The War Closer to Home
At tonight’s presidential debate on foreign policy, we can expect questions related to the civil war in Syria, the U.S.-led war in Afghanistan, and the broader war on terrorism, including the September 11 Benghazi attack. But I hope that debate moderator Bob Schieffer also asks President Obama and Governor Romney about another war—the one that is currently raging in Mexico and Central America.
This war isn’t between nations. There are no “insurgents,” and no ideologically motivated guerrillas trying to gain formal political power. Instead, it is a war driven by violent criminal organizations fighting to maintain or expand their control of illegal enterprises, most notably the drug trade.
In Mexico, tens of thousands of people have died since President Felipe Calderón began cracking down on the drug cartels in December 2006. There is some evidence that the violence may be starting to decline: Addressing the National Public Security Council on August 2, President Calderón reported that murders linked to organized crime fell by almost 15 percent in the first six months of 2012 compared with the first half of 2011. During that same period, the total number of killings in Ciudad Juárez, once the “murder capital of the world,” dropped by nearly 60 percent (again, compared with the first half of 2011).
Yet the gang warfare is still rampant, and rivalries within the most notoriously violent cartel, Los Zetas, could produce a new series of massacres. The Zetas “are splitting,” Mexican security expert Javier Oliva told Reuters last month, adding that “every time [Mexican security forces] capture a major crime boss, his organization fragments, so the violence increases, and this atomization makes the government’s fight harder.”
Oliva made those remarks shortly after Mexican marines captured a senior Zetas commander named Iván Velázquez. Less than two weeks later, the marines killed the Zetas’ supreme leader, Heriberto Lazcano. Overall, Mexico has now killed or captured 25 of the 37 most-wanted drug kingpins that Calderón identified in March 2009. “Despite it all,” laments the Economist, “the murder rate is nearly twice as high as it was when Mr. Calderón took office six years ago.” Indeed, even with two-thirds of the most-wanted narco bosses now dead or behind bars, drug violence remains a terrible problem.
The United States has an obvious national-security interest in preventing murders and gang-related warfare along the U.S.-Mexican border, and it has an obvious moral interest in reducing violence throughout Mexico. But what many Americans may not appreciate is that their country also has an increasingly large economic interest in Mexican prosperity.

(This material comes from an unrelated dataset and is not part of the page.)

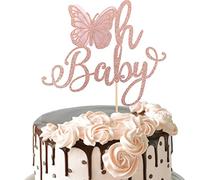 Rsstarxi 1 Pack Butterfly Oh Baby Cake Topper Rose Gold Glitter Baby Shower Butterfly Cake Pick Decorations for Gender Reveal Baby Shower Kids Girls Birthday Party Supplies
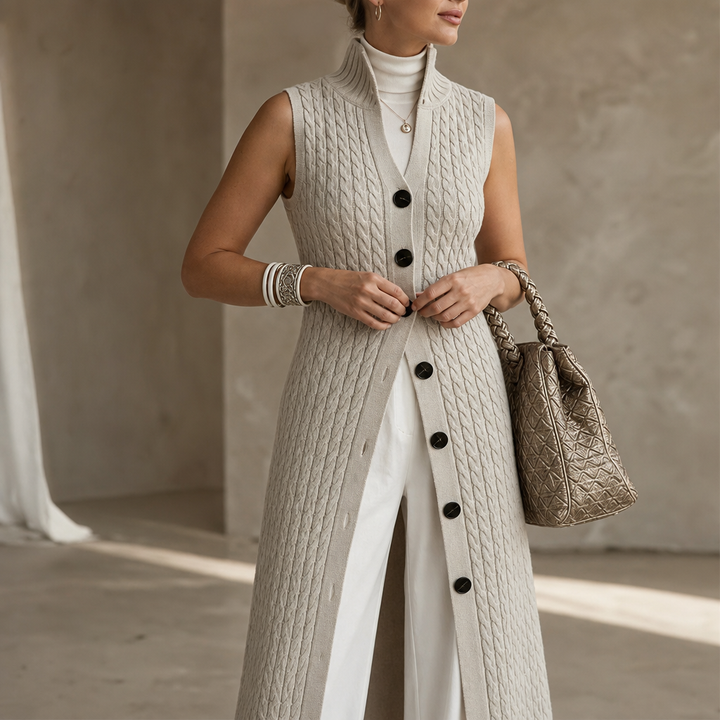Elara Knit – Lång Kamizelka w Stilu Splotu Kablowego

Not only is Mexico the third-biggest U.S. trading partner, it is also the second-biggest importer of U.S. goods. According to the U.S. Commerce Department, Mexico imported $197.5 billion worth of American goods last year. This represented a 20.8 percent increase from 2010, a 76.8 percent increased from 2000, and a 375 percent increased from 1993, when NAFTA was signed into law. Only Canada imports more U.S. goods than Mexico, which in 2011 imported more than China and Japan combined. For that matter, Mexico also imported more American goods than the United Kingdom, Germany, South Korea, and Brazil combined.